After researching, our engineers combined Dobot’s cobots with the most popular technology this year, ChatGPT, and applied it in the real world.
It has more powerful language understanding and text generation ability which can ‘understand’ human words and communicate just like mankind, with the ability of even writing papers, scripts, and code.
Robot Bar Tender
A good bartender should be good at communication by providing the guests a certain amount of comfort at the right time. In this project, the engineers incorporated ChatGPT into the project and transformed cold robot into an excellent bartender with a warm heart.
We trained ChatGPT in advance, telling it in detail the role it should play (bartender), the recipes of various cocktails, the taste and so on.
After training, the robot bartender becomes reliable and attentive with more autonomous judgment. For example, if a customer makes an unreasonable request for tea in a Long Island Iced Tea cocktail, ChatGPT will explain that there is no tea in the Long Island Iced Tea, but a mix of spirits and coca cola instead.
ChatGPT will analyze and judge by itself according to the customer’s current emotional condition and recommend different drinks to cheer them up. It will then presume customers’ needs to adjust based on the context which means it is better than usual AI where usually respond with ‘I don’t know what you mean’.
More importantly, after the cobot grants control interface information, trajectory tracking and codes will be produced for drink making based on the characteristics of different cocktails.
The bar tender can daintily make all kinds of cocktails with DOBOT CR3 and CR5 cobots.
Smart Object Sorting
In the past, engineers needed to enter a large amount of code for operation, and different robots might involve different programming languages. With the help of ChatGPT and AI technology, engineers can directly describe what they want to do verbally, then it automatically compiles into machine language which are perceptive to fully engage the robot's hands, eyes, and brain for various actions.
For a challenge, we asked the robot to grab a pound of oranges from a variety of items, automation allows ChatGPT to finish a series of tasks like fruit identification, fruit grabbing, and weight calculation simultaneously to complete the task.
When asked to classify items on the table, ChatGPT identifies the items by itself with automation carried out using a camera which automatically complete the classification task. This increases productivity as it saves time on that relied on manual labeling and classification.

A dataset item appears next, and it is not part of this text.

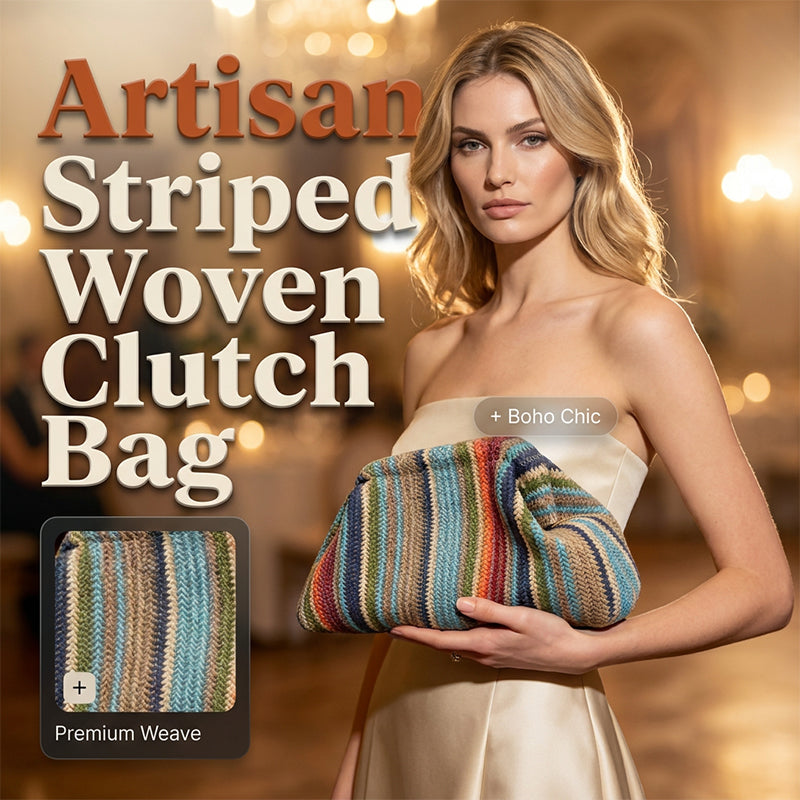 👜 Damen Clutch Bag mit gewebtem Streifenmuster – stilvoll, vielseitig & praktisch – perfekt für Abendveranstaltungen, Partys & besondere Anlässe – elegantes Accessoire für jeden Look
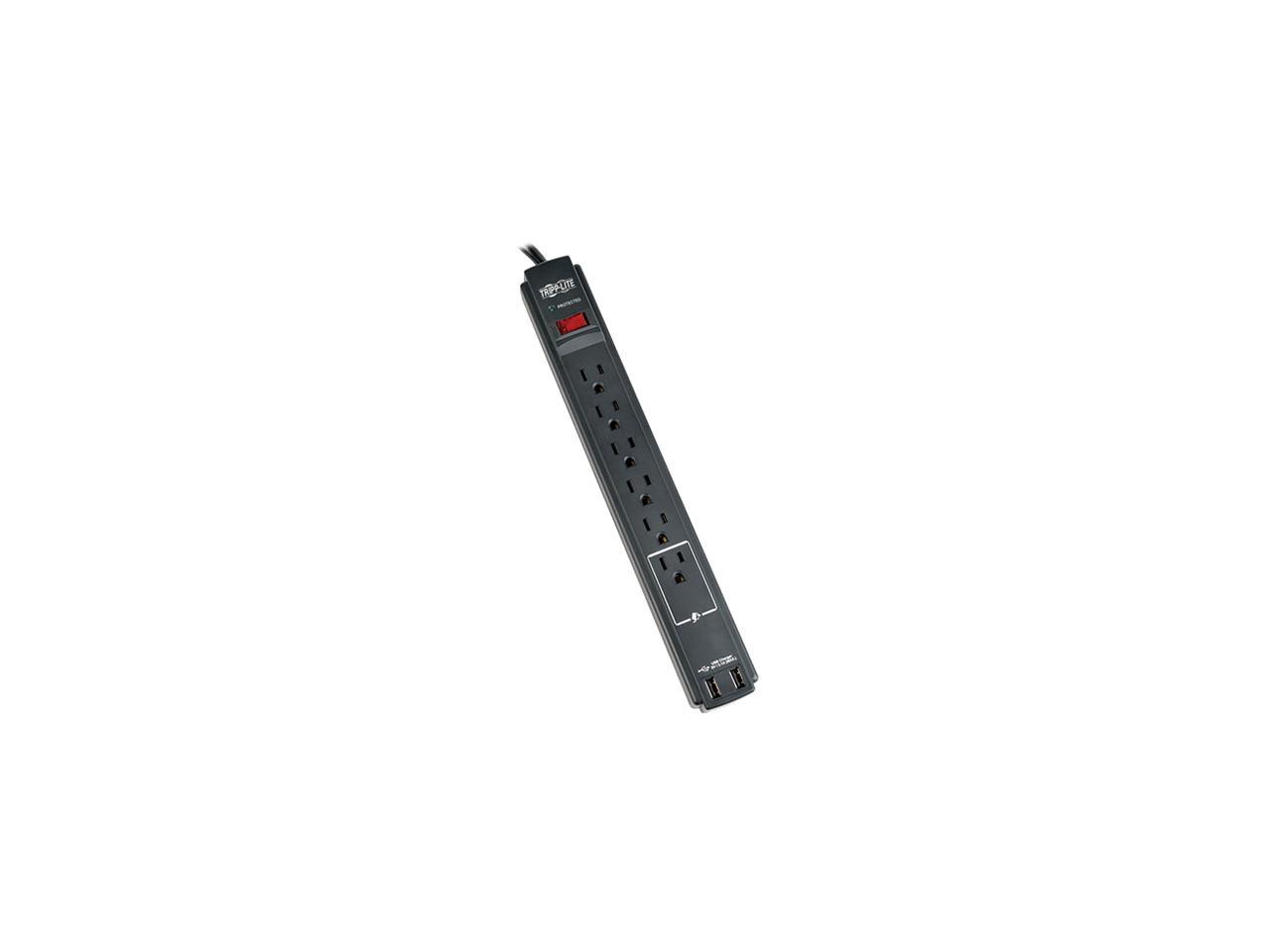 Tripp Lite TLP606USB Protect It! 6- Outlet Surge Protector, 6-ft. Cord, 990 Joules, 2 USB Charging Ports (2.1A), Black Housing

From the two practical cases, ChatGPT can indeed interact by understanding and learning human language and combining it with reality. It can also quickly generate robot codes that match different scenarios and user’s needs, reducing development time and cost significantly.
From the technical level, the ChatGPT model learns human a priori knowledge and incorporates all kinds of physical perception. By using collaborative robots as the carrier, enhancing the experience of human-machine interaction and collaboration, robots become smarter and humanized. With this foundation, Dobot has formed its own technical framework for large-scale robot modeling.
In the future, Dobot will continue to innovate and breakthrough in the field of ‘AI + robot’, by colliding with more cutting-edge technologies for collaborative robots to have autonomous perception, smart decision-making and fine operation. This can help promote the application of large-scale models in advanced robot manufacturing and commercial services.